Rise in prescription copays puts different patients at risk for nonadherence to medications
Research Activities, July 2012, No. 383
As employers and insurance companies look to cut costs, consumers must face rising copays for prescription drugs. As a result, some individuals may start rationing their medications and either taking them less frequently or in smaller doses than recommended (nonadherence). Evaluation of copayment increase impacts commonly focus on average effects across a population, but a new study reveals that the effects of greater cost-sharing differs across patient subpopulations. Among veterans with diabetes or hypertension, those with lower comorbidity burden were more responsive to a $5 medication copayment increase than veterans with higher comborbidity burden (greater number of medical problems).
The researchers compared medication adherence among veterans with hypertension or diabetes at four Veterans Affairs (VA) medical centers after a rise in the copay for prescription drugs from $2 to $7 in 2002. Medication adherence among veterans required to pay copayments were compared to veterans exempt from drug copayment. There were propensity-score matched copaying and non-copaying groups for patients with hypertension (3,545 copay, 3,545 exempt) and for diabetes (1,069 copay, 1,069 exempt).
The results found that the pooled adherence change was largely driven by the two-thirds of the sample that had below average comorbidity burden. Medication adherence among diabetic veterans with low comorbidity burden was lower after the VA increased medication copayments (9.5% lower in the first 12 months after copayment increase and 4.9% in the subsequent 11 months thereafter). In hypertensive patients, veterans with low comorbidity burden were 3.7% less adherent to medications in the 13-23 months after copayment increases. Medication adherence rates did not change for diabetic and hypertensive veterans with high comorbidity burden.

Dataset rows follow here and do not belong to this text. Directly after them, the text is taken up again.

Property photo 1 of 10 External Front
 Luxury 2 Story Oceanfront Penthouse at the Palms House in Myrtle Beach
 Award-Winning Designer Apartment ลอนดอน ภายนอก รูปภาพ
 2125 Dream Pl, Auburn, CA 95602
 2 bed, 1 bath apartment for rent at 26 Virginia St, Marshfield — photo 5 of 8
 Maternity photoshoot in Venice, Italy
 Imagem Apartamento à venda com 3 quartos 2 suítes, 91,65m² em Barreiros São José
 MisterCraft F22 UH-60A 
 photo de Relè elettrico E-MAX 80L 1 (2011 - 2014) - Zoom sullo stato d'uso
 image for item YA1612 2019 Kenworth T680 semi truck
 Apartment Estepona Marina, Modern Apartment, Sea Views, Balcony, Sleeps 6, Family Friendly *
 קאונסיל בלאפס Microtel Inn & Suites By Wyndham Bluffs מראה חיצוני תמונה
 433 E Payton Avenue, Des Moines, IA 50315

These results suggest that presenting population-average effects may lead to incorrect policy inferences about the effectiveness of copayment increases on medication adherence. Due to heterogeneity in response to costsharing, a one-size-fits-all approach may not align patient and health system goals as effectively as intended. High-risk patients incur greater out-of-pocket costs from continued adherence, while low-risk patients put themselves at increased risk for adverse health events due to nonadherence induced by policy changes. The study was supported in part by the Agency for Healthcare Research and Quality (HS19479).
See "Does medication adherence following a copayment increase differ by disease burden?" by Virginia Wang, Ph.D., Chuan-Fen Liu, Ph.D., Chrisopher L. Bryson, M.D., M.S., and others in the December 2011 Health Services Research 46(6,pt1), pp. 1963-1985.